## EXERCISE REQUIREMENTS
Exactly the lines below, starting with the one containing "Unlike a simple" and going on through the one containing "Fourth, make use", must be reproduced, both ends included, and no pictures with them.

START THE RECORDS

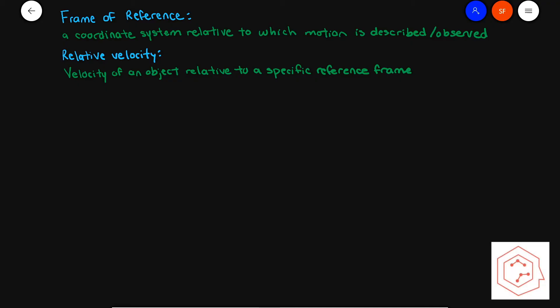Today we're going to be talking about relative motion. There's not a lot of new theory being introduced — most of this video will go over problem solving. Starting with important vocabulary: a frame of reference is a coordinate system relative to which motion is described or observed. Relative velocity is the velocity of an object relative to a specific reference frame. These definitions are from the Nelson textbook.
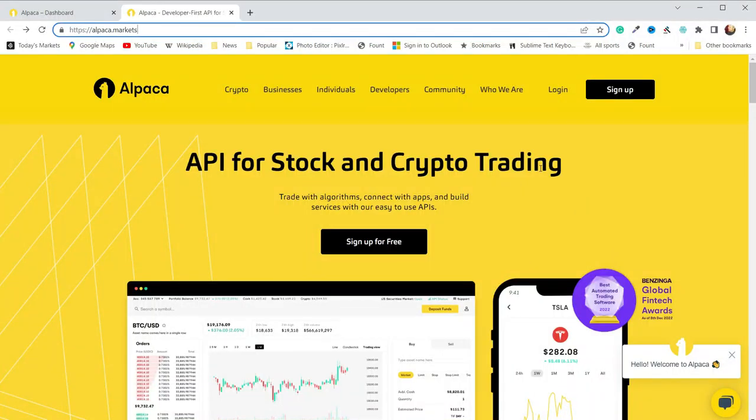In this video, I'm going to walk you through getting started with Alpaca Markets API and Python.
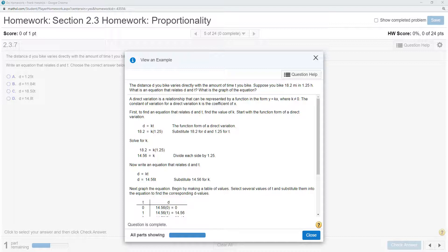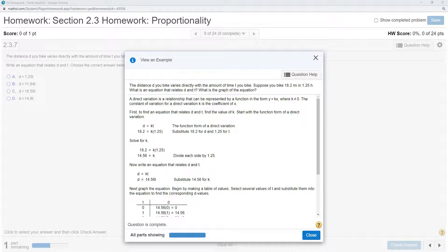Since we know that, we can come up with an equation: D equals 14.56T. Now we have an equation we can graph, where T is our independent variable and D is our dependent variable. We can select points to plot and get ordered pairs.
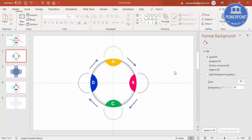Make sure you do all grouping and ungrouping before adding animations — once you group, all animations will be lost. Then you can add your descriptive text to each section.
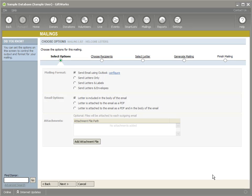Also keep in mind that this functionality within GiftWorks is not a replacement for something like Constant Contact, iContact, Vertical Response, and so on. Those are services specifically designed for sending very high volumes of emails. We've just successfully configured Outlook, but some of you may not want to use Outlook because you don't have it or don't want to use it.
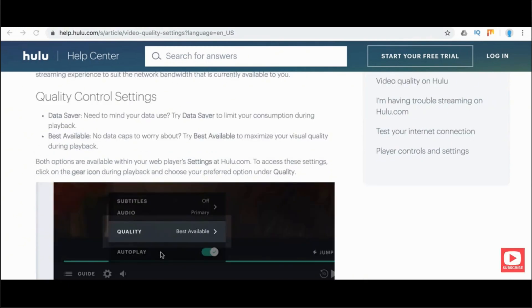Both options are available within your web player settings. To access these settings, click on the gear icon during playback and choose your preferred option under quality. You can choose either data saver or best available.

END THE RECORDS
START THE RECORDS

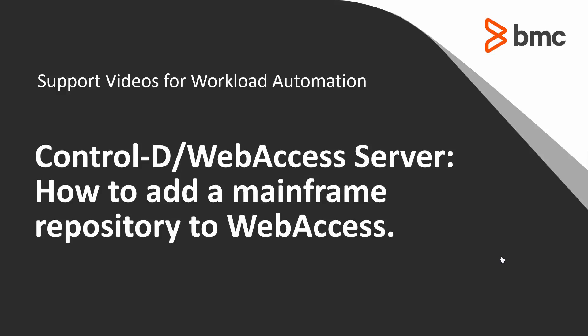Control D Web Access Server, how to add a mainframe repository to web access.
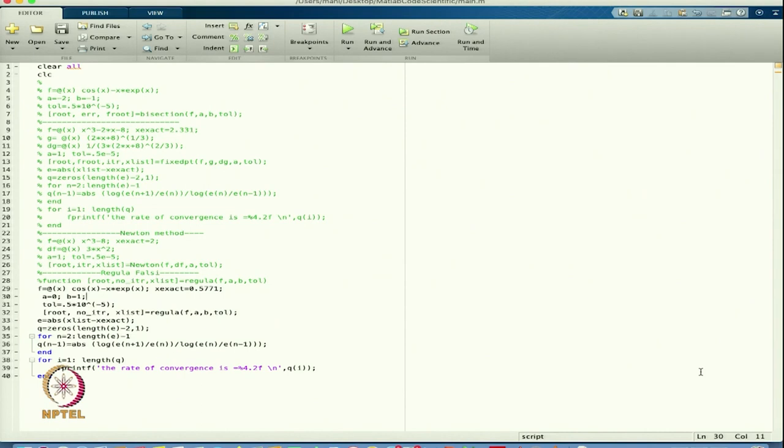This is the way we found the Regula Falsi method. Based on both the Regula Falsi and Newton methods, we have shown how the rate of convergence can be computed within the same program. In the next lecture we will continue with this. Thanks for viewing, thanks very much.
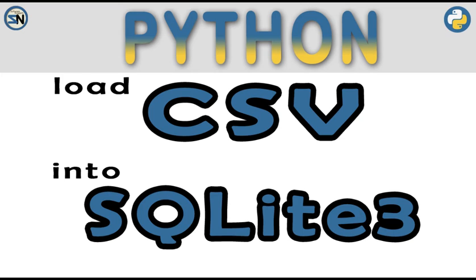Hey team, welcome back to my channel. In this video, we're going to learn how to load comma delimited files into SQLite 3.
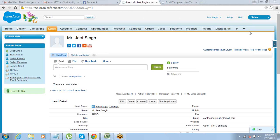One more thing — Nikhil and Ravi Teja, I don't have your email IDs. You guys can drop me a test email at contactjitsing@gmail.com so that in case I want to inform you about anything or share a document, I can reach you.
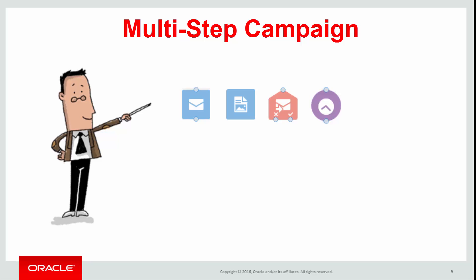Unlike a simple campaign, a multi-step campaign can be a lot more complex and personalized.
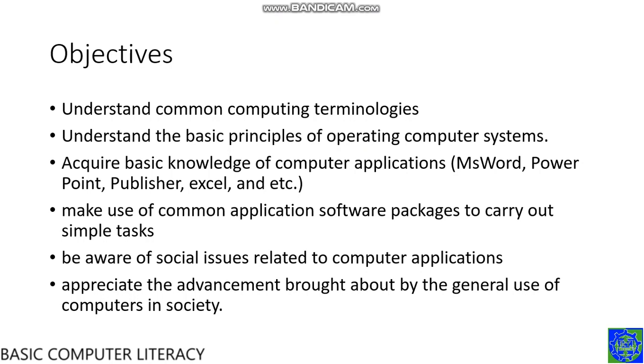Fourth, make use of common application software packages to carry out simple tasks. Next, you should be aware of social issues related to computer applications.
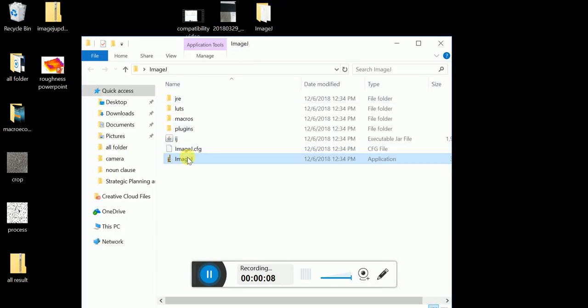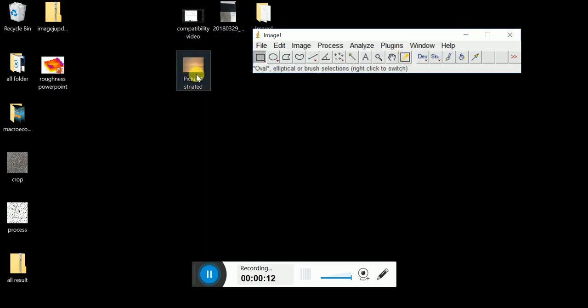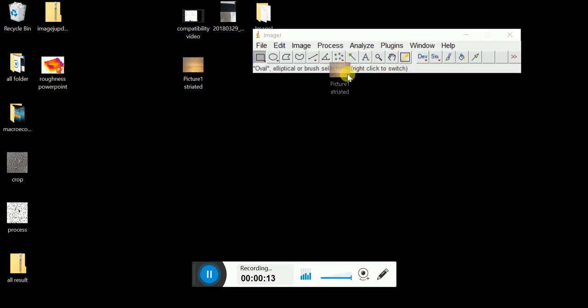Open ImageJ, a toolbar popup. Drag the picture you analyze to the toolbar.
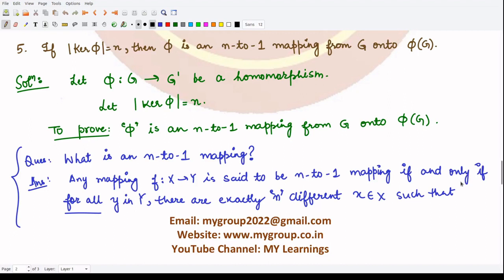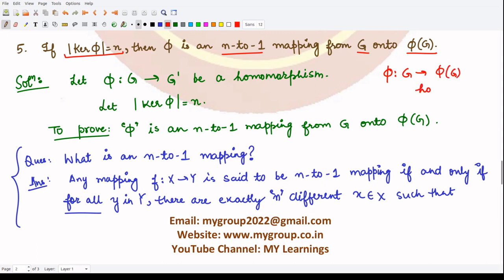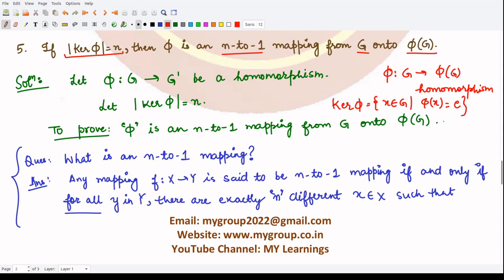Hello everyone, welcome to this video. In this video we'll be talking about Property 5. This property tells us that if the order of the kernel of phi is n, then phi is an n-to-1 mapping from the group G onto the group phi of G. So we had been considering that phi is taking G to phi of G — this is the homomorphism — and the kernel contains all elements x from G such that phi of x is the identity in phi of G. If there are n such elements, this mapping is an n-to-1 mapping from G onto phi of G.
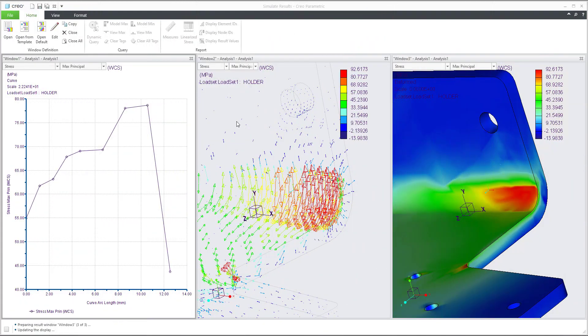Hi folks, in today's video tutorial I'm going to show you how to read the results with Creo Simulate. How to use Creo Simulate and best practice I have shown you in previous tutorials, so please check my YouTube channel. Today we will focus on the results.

END THE RECORDS
START THE RECORDS

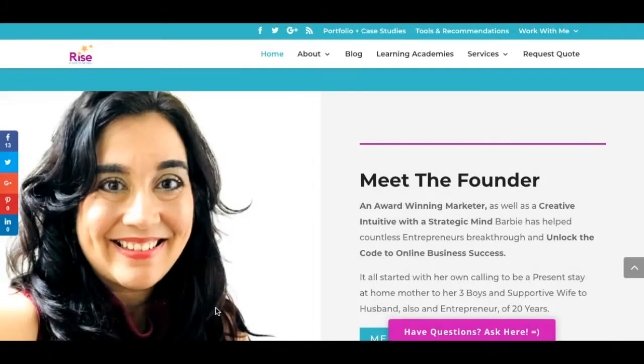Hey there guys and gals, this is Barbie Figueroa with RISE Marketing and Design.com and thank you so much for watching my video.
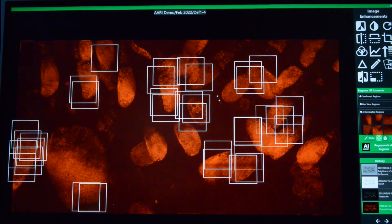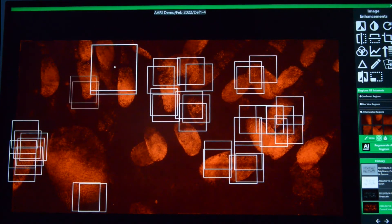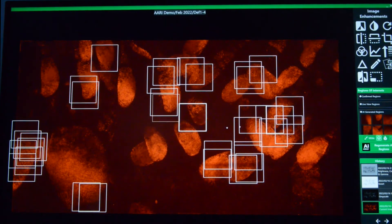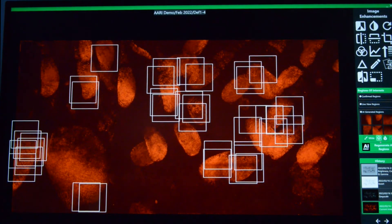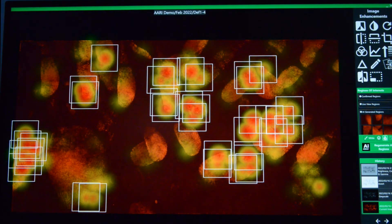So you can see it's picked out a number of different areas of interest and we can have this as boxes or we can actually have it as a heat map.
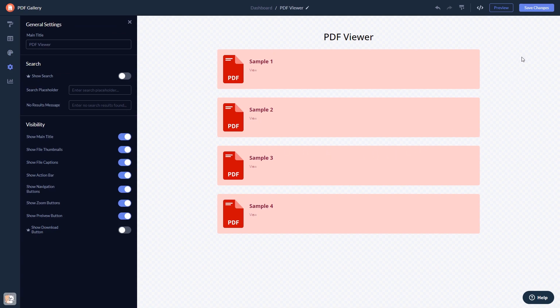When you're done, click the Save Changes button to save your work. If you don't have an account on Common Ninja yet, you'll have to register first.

END THE RECORDS

## ANSWER TO THIS TASK
Unlike a simple campaign, a multi-step campaign can be a lot more complex and personalized.
Fourth, make use of common application software packages to carry out simple tasks. Next, you should be aware of social issues related to computer applications.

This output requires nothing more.